=== Section Start ===

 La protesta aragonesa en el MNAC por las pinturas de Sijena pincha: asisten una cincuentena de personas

=== Section End ===
=== Section Start ===

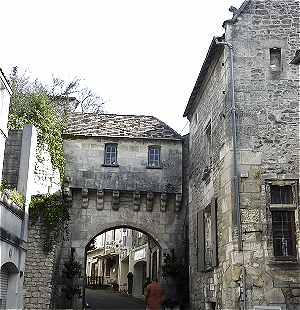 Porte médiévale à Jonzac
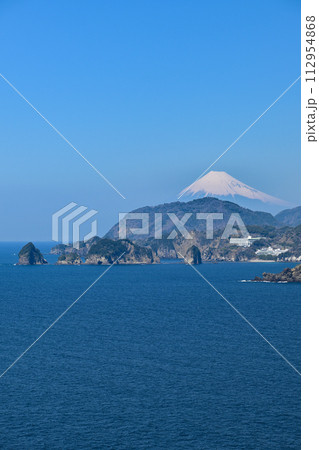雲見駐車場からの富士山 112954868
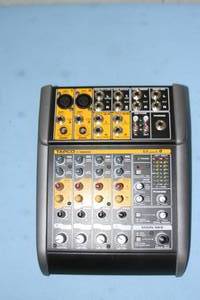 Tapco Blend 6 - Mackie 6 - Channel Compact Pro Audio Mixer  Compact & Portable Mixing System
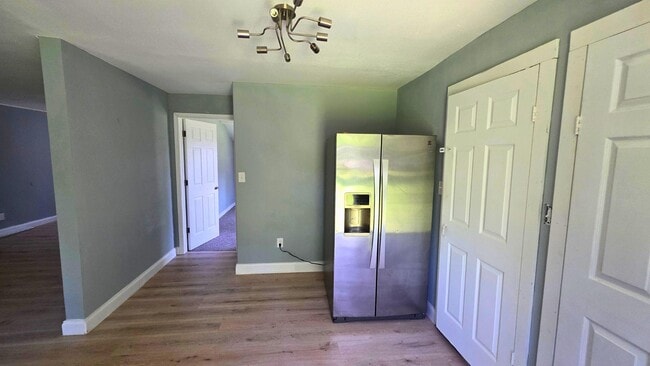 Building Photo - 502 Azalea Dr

=== Section End ===
=== Section Start ===

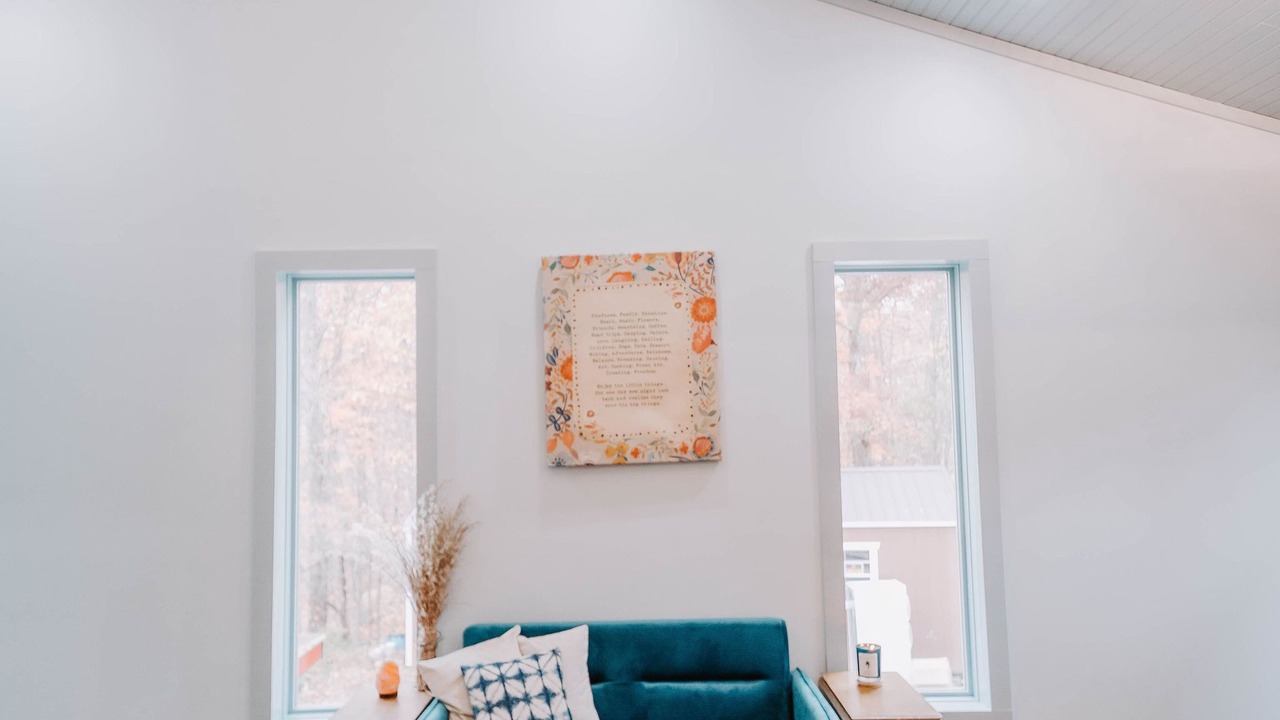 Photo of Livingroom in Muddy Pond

=== Section End ===

Using the listing above, reproduce word for word every line from the one containing "Porte médiévale à Jonzac" through the one containing "Building Photo - 502 Azalea Dr". Pictures must be left out.

 Porte médiévale à Jonzac
雲見駐車場からの富士山 112954868
 Tapco Blend 6 - Mackie 6 - Channel Compact Pro Audio Mixer  Compact & Portable Mixing System
 Building Photo - 502 Azalea Dr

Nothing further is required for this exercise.